Dr. Sidney A. McPhee, MTSU president

Dr. Sidney A. McPhee

Stephen B. “Steve” Smith, alumnus and MTSU Board of Trustees member

Stephen B. Smith

In addition to MTSU, the area is also served by Tennessee State University in Nashville and Tennessee Technological University in Cookeville, as well as the two-year Columbia State Community College and Motlow State Community College.

“Adding a fourth public university to an area already served by MTSU, a major comprehensive university just more than an hour from the Pulaski area, seems to me would be an unnecessary duplication of public resources,” Smith said.

“MTSU is better positioned to provide any additional higher educational services to the southern part of our Middle Tennessee region, both in terms of geography and efficiency,” he added.

UT, which operates undergraduate and graduate universities in Knoxville, Chattanooga and Martin, signed a non-binding letter of intent in September to begin discussions of adding Martin Methodist to its system. UT also operates a space institute in Tullahoma and a health sciences center in Memphis.

Smith and McPhee said they are reaching out to legislators and other higher-education policymakers to communicate MTSU’s existing commitment to the area and discuss how the university can further extend educational services to Pulaski, Lawrenceburg and other southern Middle Tennessee communities.

McPhee said he hopes state officials reviewing UT’s proposal focus on the potential unnecessary duplication of services and adverse impacts to already stretched state higher-ed funding rather than any political considerations.

McPhee pointed out that MTSU, along with Tennessee Tech and Columbia State, was involved in planning for the new Southern Tennessee Higher Education Center in Lawrenceburg, about 20 miles from Martin Methodist. Initial funding for the center, which will offer an array of courses from partners, came from $4.6 million in state funds, $4.5 million in local appropriations and $1.5 million in private monies.

“MTSU’s faculty, chairs, deans and administrators have identified several courses and degree programs for delivery to southern Middle Tennessee residents,” McPhee said. “The COVID-19 pandemic has slowed, but not deterred, our desire and intent to offer courses at the center that the area wants. We certainly understand that residents in that area are seeking higher education opportunities.”

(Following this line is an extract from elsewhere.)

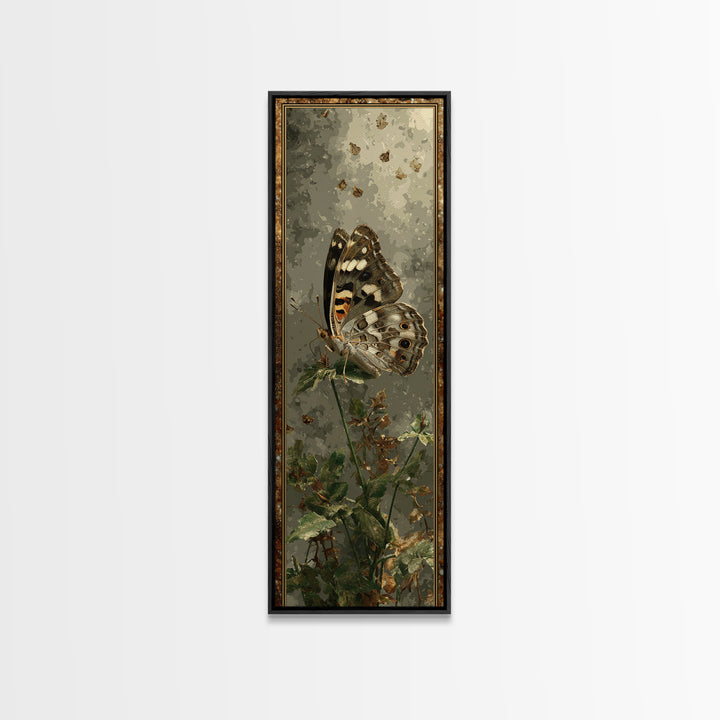 Butterfly Specimen Composition Canvas Print, Animal Art, Digital Wall Art, Living Room Decor, Creature, Modern Wall Art, ANI-1x3-59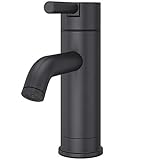 PFISTER LG42-NB00 Contempra Badezimmer-Wasserhahn mit einer Bedienung, 10,2 cm, matte black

McPhee said MTSU has 1,536 undergraduate and graduate students enrolled this year from the 10 southern Middle Tennessee counties near Pulaski, as well as the seven nearby northern Alabama counties.  He also said the university has 8,800 alumni in the area, which is about 8.2% of MTSU’s in-state alumni population.MTSU wordmark

“We are already serving the residents of southern Middle Tennessee,” McPhee said. “But we are always open to any additional opportunities, and additional partnerships with different universities, to meet the needs of the region.”

Under UT’s proposal, the assets of the 900-student Martin Methodist would be transferred to the state and its faculty and staff would become state employees in the UT system. Each UT campus is run by a chancellor, who reports to the system president, and each have their own academic and staff administrators.

If the state were to find the financial resources to acquire the Martin Methodist campus, Smith questioned whether it should become a full, freestanding university.

“From a business perspective, rather than adding a new university, with a full set of senior executives and separate academic programs, to the state system, it would make more sense for it to be operated as an extension of an existing entity,” said Smith.

“MTSU would be closer and more than capable of serving in such a role,” the chairman said.